Romney took 30 percent of likely Republican voters in the poll, followed by Gingrich at 27 percent, Rick Santorum at 15 percent, Ron Paul at 13 percent and Rick Perry at 4 percent.


The presidential candidates trailing Romney are furiously trying to derail the former Massachusetts governor before Saturday’s South Carolina primary, which Gingrich has called the “last chance” to stop a Romney nomination.

After victories in the Iowa caucuses and the New Hampshire primary, a win in South Carolina would go a long way to cementing the narrative that Romney is the inevitable GOP nominee. According to the Rasmussen poll, 70 percent of Republicans already believe that Romney will eventually win the party’s nomination.
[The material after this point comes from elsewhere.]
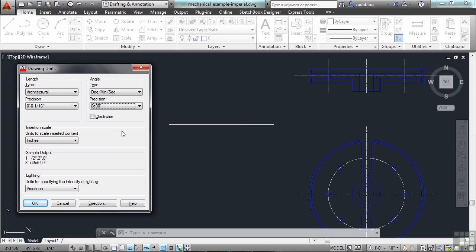One of the problems with AutoCAD is that it can be so extremely precise. You can draw much more precisely, typically, than what you can ever build. So, keep that in mind. And just because you can draw something in AutoCAD, it doesn't mean that you can build it that way.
Romney leads comfortably in the Palmetto State according to most polls, but the Rasmussen poll indicates that Gingrich could be picking up steam following a fiery debate performance on Monday night.

The Rasmussen poll, which was taken Tuesday night, shows Gingrich has spiked 11 percent from two weeks ago, when he was at 16 percent.

The candidates will debate again in South Carolina on Thursday.

The poll also finds Gingrich within striking distance of Romney on what most polls indicate is the No. 1 issue in the election — the economy. Thirty-four percent said Romney is the best candidate to manage the economy, while 29 percent said the best candidate would be Gingrich.

The GOP candidates have been hammering away at Romney over his time as an executive at Bain Capital, calling him a “vulture” capitalist who laid off workers and picked companies clean for the benefit of his own investments.

Romney has also come under fire for not releasing his tax returns, leading to speculation that because most of his income comes from investments, he might pay a lower tax rate than most working Americans.

According to the Rasmussen poll, the race remains fluid. More than half of the likely GOP primary voters surveyed said they could still change their minds.